The point on which the appeal succeeded was that there was no pleaded basis for finding that the claimant had admitted a certain sum to be due to the defendant. The arbitral tribunal had mistakenly assumed that the point had been raised in pleadings and not objected to by the claimant. The Court confirmed that, in circumstances where a point has been decided against a party without it ever having been heard on the issue, a serious irregularity will be established. The Court accordingly found that there had been an error by the majority in awarding the sum claimed to the defendant.
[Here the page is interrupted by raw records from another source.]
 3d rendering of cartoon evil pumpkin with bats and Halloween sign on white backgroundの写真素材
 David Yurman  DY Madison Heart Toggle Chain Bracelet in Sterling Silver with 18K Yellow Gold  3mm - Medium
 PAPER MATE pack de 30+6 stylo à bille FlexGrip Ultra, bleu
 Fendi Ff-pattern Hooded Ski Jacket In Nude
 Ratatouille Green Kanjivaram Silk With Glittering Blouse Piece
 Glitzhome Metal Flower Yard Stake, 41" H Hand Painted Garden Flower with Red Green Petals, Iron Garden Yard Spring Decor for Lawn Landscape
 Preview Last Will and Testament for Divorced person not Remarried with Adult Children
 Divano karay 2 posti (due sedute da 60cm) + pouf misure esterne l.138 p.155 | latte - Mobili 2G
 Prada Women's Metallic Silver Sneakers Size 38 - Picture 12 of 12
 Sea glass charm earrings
It is important to recognise that the combination of circumstances in F Ltd v M Ltd is unusual. As the Court acknowledged, it is necessary to demonstrate that any serious irregularity has caused substantial injustice to a party for any challenge to be successful. A finding on an issue on which no evidence had been submitted or pleading advanced, coupled with a clear dissenting statement from a member of the arbitral tribunal that he considered the finding to have no basis, clearly falls into this category. However, other cases on irregularity and the application of section 68 of the Arbitration Act 1996 demonstrate that a successful challenge on this basis is rare indeed. The House of Lords (in Lesotho Highlands) confirmed that section 68 will be interpreted restrictively, Lord Steyn’s judgment stating that it would not extend to situations where the tribunal used its powers incorrectly, or reached the ‘wrong’ decision, but only where it had acted ultra vires or failed to use a mandatory power.
Another recently decided case, TAG Wealth Management v. West  EWHC 1466 (Comm) neatly illustrates the limitations on irregularity challenges. In that case, arbitration proceedings stretched out for almost six years before being struck out in February 2008 (only six months after pleadings in the case had been submitted) on the basis of inordinate and inexcusable delay (section 41(3) of the Arbitration Act 1996). In rejecting the claimant’s challenge to the strike out decision on the basis of serious irregularity, the Court simply pointed out that the disclosure period had taken almost five years, that the delay was largely due to the claimant, and that the arbitrator’s factual finding as to the cause of the delay ‘cannot be challenged’. The Court added that neither a failure to particularise certain criticisms nor to misunderstand some of the documents constitute a serious irregularity. Finally the alleged improper behaviour of the arbitrator during the hearing (where he apparently commented that the claimant’s solicitor, Ms Novakovic “must have obtained her surname upon marriage because she spoke English so well”) did not cause substantial injustice to the claimant.
TAG confirms the general approach of the English courts to challenge on the basis of serious irregularity, and quotes previous authority in concluding that
“the authorities have been right to place a high hurdle in the way of a party seeking to set aside an award by reference to section 68… [it would] be a retrograde step to allow appeals on fact or law… to come in by the side door“.